8. Hold Harmless:The Seahawks agree to release, indemnify, defend, and hold harmless the
City, elected officials, employees, officers, representatives, and volunteers from any and
all claims, demands, actions, suits, causes of action, arbitrations, mediations,
proceedings, judgments, awards, injuries, damages, liabilities, taxes, losses, fines, fees,
penalties, expenses, attorney's or attorneys' fees, costs, and/or litigation expenses to or
by any and all persons or entities, arising from, resulting from, or related to the negligent
acts, errors or omissions of the Seahawks in the Seahawks' performance of this
Agreement or a breach of this Agreement by the Seahawks, except for that portion of the
claims caused by the City's sole negligence.
The City agrees to release, indemnify, defend, and hold harmless the Seahawks, its
employees, officers and representatives from any and all claims, demands, actions, suits,
causes of action, arbitrations, mediations, proceedings, judgments, awards, injuries,
damages, liabilities,taxes, losses,fines,fees, penalties, expenses, attorney's or attorneys'
fees,costs, and/or litigation expenses to or by any and all persons or entities, arising from,
resulting from, or related to the negligent acts, errors or omissions of the City in its
performance of this Agreement or a breach of this Agreement by the City, except for that
portion of the claims caused by the Seahawks' sole negligence.
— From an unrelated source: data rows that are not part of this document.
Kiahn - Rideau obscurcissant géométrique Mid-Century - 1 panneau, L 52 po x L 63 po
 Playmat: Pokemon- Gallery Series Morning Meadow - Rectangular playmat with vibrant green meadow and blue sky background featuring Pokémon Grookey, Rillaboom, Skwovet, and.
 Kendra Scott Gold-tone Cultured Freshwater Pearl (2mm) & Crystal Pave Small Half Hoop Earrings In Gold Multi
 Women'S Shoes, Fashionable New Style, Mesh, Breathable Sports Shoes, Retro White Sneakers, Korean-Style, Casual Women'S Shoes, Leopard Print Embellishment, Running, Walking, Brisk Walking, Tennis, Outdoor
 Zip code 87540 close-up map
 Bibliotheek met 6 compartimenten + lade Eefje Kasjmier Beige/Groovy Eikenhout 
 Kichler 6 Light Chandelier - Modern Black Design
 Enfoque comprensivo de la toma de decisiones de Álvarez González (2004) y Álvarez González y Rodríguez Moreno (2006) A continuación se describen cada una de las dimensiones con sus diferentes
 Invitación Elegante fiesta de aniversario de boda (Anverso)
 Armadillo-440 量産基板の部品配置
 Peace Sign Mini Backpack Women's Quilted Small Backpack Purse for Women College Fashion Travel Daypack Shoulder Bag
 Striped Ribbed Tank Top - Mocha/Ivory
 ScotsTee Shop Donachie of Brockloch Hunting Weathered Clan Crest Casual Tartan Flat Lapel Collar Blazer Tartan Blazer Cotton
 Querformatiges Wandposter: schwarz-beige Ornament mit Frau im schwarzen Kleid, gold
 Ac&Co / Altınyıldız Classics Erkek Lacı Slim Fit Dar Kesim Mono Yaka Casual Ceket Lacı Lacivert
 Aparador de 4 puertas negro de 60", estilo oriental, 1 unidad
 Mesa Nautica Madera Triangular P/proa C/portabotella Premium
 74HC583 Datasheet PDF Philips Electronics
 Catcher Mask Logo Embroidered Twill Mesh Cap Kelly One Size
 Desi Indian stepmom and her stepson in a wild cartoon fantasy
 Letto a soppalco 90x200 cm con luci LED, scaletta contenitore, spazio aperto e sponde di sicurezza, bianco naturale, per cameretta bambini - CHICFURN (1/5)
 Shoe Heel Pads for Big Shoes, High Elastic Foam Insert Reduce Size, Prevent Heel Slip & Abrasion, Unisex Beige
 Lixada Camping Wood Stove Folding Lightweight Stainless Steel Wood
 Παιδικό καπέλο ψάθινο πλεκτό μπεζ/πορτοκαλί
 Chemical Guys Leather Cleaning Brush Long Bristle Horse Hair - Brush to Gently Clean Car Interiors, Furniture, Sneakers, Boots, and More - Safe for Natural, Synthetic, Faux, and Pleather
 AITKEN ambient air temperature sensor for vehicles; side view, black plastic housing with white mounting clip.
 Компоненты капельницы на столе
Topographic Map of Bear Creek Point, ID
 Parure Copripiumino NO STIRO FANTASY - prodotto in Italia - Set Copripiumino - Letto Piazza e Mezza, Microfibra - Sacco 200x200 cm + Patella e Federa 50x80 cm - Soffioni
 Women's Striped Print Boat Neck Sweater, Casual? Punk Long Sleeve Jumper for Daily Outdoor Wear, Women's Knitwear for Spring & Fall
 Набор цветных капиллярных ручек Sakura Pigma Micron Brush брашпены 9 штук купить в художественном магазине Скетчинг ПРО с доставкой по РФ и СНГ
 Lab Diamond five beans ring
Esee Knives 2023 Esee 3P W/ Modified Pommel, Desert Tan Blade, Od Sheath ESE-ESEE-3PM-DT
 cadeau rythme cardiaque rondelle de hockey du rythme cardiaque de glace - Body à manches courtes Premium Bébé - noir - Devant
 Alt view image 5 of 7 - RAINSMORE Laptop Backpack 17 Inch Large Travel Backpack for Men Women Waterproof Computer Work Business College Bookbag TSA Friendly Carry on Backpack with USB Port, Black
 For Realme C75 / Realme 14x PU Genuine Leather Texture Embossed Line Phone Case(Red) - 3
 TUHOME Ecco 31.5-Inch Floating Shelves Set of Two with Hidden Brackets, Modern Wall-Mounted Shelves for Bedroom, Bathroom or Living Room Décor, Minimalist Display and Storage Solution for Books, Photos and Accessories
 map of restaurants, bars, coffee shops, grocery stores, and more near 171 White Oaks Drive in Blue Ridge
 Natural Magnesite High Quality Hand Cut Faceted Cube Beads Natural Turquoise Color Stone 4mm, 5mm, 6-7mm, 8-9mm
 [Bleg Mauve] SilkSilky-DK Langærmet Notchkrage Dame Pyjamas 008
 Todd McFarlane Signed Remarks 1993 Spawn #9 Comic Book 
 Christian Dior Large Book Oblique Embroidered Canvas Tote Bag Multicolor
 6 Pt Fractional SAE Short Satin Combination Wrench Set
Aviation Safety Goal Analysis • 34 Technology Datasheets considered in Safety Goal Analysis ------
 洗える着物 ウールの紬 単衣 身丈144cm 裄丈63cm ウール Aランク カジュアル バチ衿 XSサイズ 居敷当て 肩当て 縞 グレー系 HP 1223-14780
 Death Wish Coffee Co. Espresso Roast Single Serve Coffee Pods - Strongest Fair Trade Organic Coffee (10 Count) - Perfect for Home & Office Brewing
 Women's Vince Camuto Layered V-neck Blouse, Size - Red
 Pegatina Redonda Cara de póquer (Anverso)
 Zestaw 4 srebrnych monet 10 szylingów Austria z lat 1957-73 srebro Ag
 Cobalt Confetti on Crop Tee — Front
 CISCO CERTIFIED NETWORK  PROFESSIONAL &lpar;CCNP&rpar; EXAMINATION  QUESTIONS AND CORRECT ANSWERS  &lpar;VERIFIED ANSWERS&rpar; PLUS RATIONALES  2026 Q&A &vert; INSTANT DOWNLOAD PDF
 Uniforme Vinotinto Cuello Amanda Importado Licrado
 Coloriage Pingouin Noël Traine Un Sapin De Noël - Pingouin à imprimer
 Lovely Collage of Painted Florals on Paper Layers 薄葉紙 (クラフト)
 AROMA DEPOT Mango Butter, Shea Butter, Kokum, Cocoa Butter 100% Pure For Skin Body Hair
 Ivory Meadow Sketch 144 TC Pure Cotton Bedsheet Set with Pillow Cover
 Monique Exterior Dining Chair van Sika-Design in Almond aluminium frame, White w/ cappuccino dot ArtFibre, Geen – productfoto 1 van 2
Should a court of competent jurisdiction determine that this agreement is subject to RCW
4.24.115, (Validity of agreement to indemnify against liability for negligence relative to
construction, alteration, improvement,etc., of structure or improvement attached to real
estate...) then, in the event of liability for damages arising out of bodily injury to persons
or damages to property caused by or resulting from the concurrent negligence of the
Seahawks and the City, its officers, officials, employees and volunteers, the City's liability
shall be only to the extent of the City's negligence.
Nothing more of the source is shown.